Rose theatre, Kingston
Despite occasional glimmers of subversive wit, Carr continues to rely on dubious jokes about dwarves, fat women and FGM

‘Welcome to 90 minutes of your life you’re never getting back,” runs the caption at the start of Jimmy Carr’s touring show, Terribly Funny. That’s what you sign up for when you go to see Carr: a grubby pleasure that may be more grubby than pleasure. We know we shouldn’t. We’ll regret it afterwards. There’s certainly no deviation tonight from the formula that’s served Carr well – commercially if not always creatively – for 20 years: blue humour, playground abuse, jokes about rape and paedophilia, and (according to taste) just enough wit and joke-writing flair to keep the stench and squalor at bay.

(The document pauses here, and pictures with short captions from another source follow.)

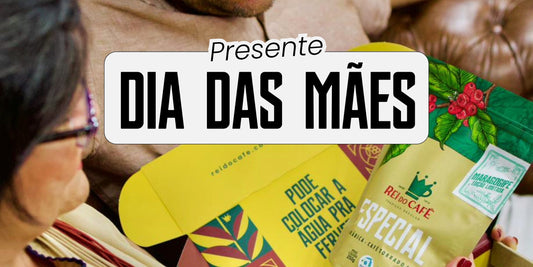 Mãe e filho observando pacote de café especial do Rei do Café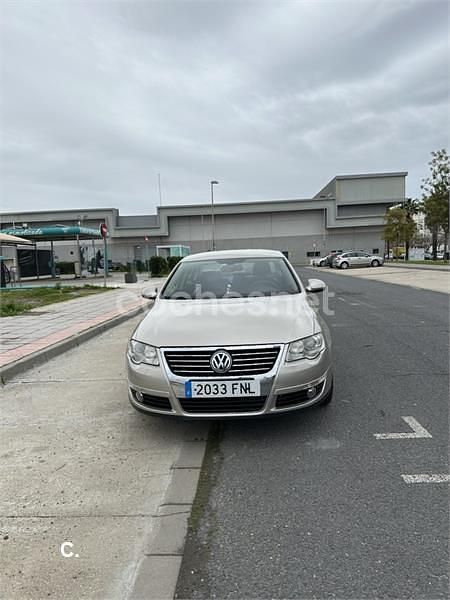 Beige Usado 2007 VW Passat Trendline Berlina | 5000 € (Precio justo) - Imagen 1/4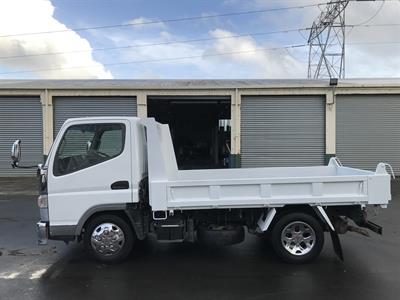 2016 Mitsubishi Canter - Thumbnail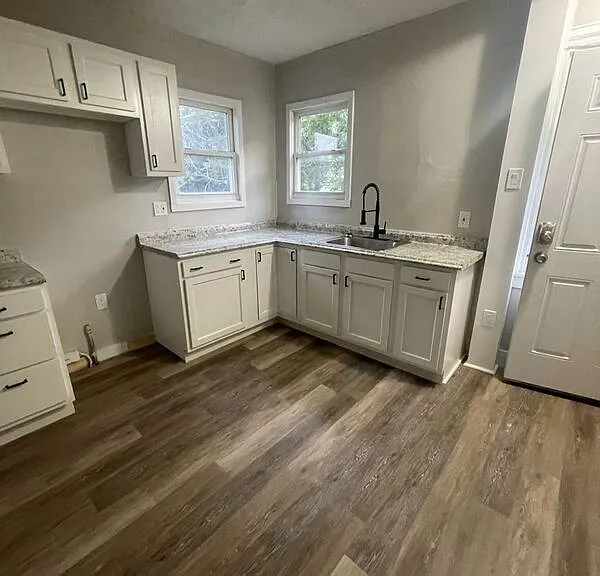 641 N Goodman St #UPPER — Photo 1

Who knows what need Carr’s comedy is meeting in some of us for jokes about dwarves, fat women and FGM? Carr’s closing apologia insists he doesn’t mean to hurt anyone, that his material is “joyful” in intent. And certainly there is some subversive joy in having humour applied to such subjects. Deep-rooted convention is destabilised when Carr appears to laugh at the Nazi extermination of Gypsies. We gasp at the flouted taboo, then laugh to recall that – here at least – there are no consequences.

Or no immediate ones. But, even if you agree that all subjects are fair game for comedy, Carr’s relentless downward kicking (“Is a dwarf an abortion that made it?”) argues that jokes about lesbians, Gypsies and sexual violence aren’t just acceptable, but something – over two long hours – to revel in. Many of his one-liners are barely jokes at all, just boorish cliches about vegans being boring or Germany being humourless. And you can’t miss the “my mother-in-law” echoes in his battery of one-liners (some neat, all unlovely) that each begin, “My girlfriend …”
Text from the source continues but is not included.